» Exercise requirements
What lines in the following entries hold the word "village"? Copy each one.
Data for review Start Marker
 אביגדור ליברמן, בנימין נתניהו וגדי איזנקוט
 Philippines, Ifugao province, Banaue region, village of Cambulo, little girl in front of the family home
Data for review End Marker
Data for review Start Marker
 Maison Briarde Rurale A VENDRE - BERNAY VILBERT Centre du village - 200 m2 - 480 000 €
Data for review End Marker
Data for review Start Marker
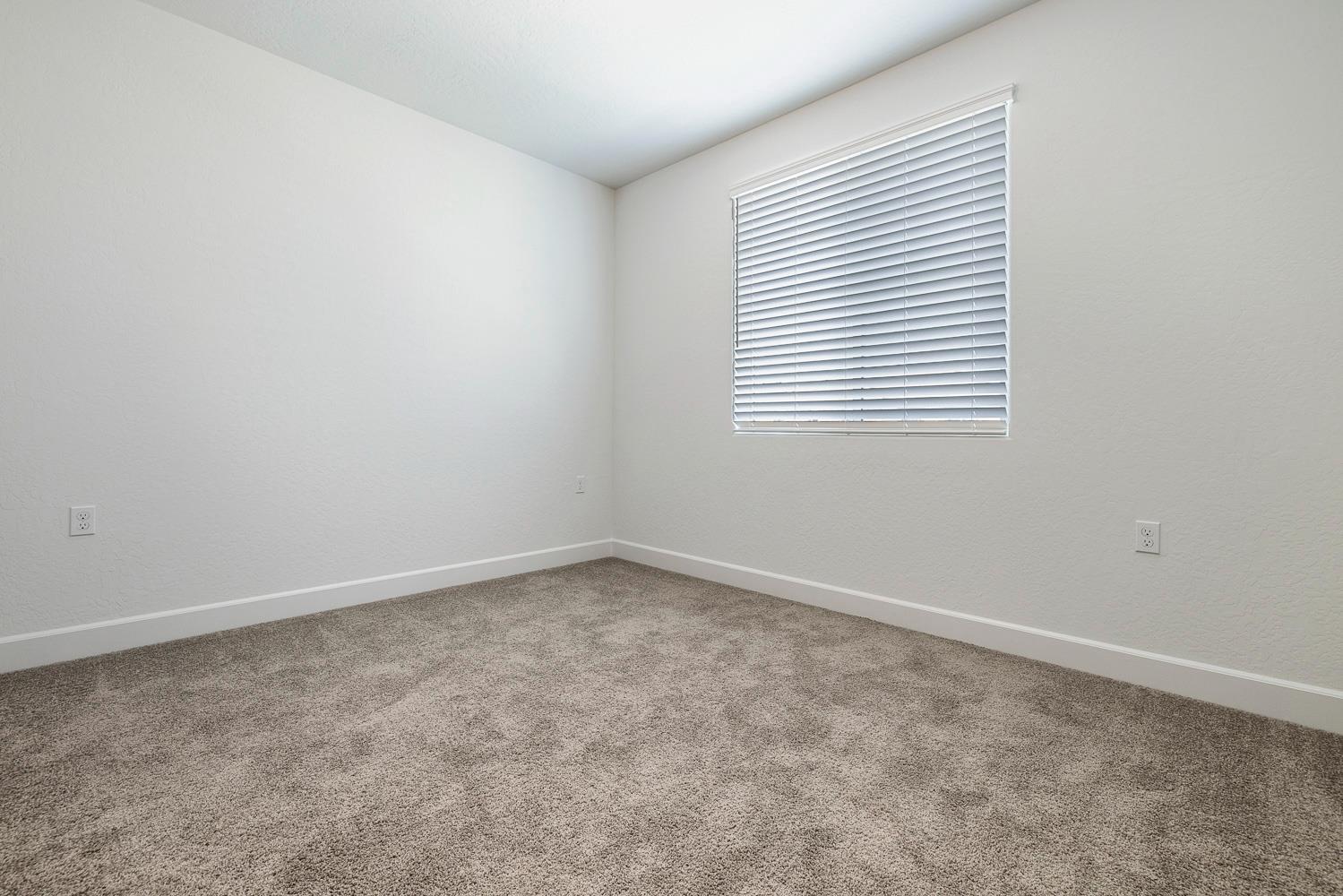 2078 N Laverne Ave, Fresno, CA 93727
Data for review End Marker
» Response to this task
 Philippines, Ifugao province, Banaue region, village of Cambulo, little girl in front of the family home
 Maison Briarde Rurale A VENDRE - BERNAY VILBERT Centre du village - 200 m2 - 480 000 €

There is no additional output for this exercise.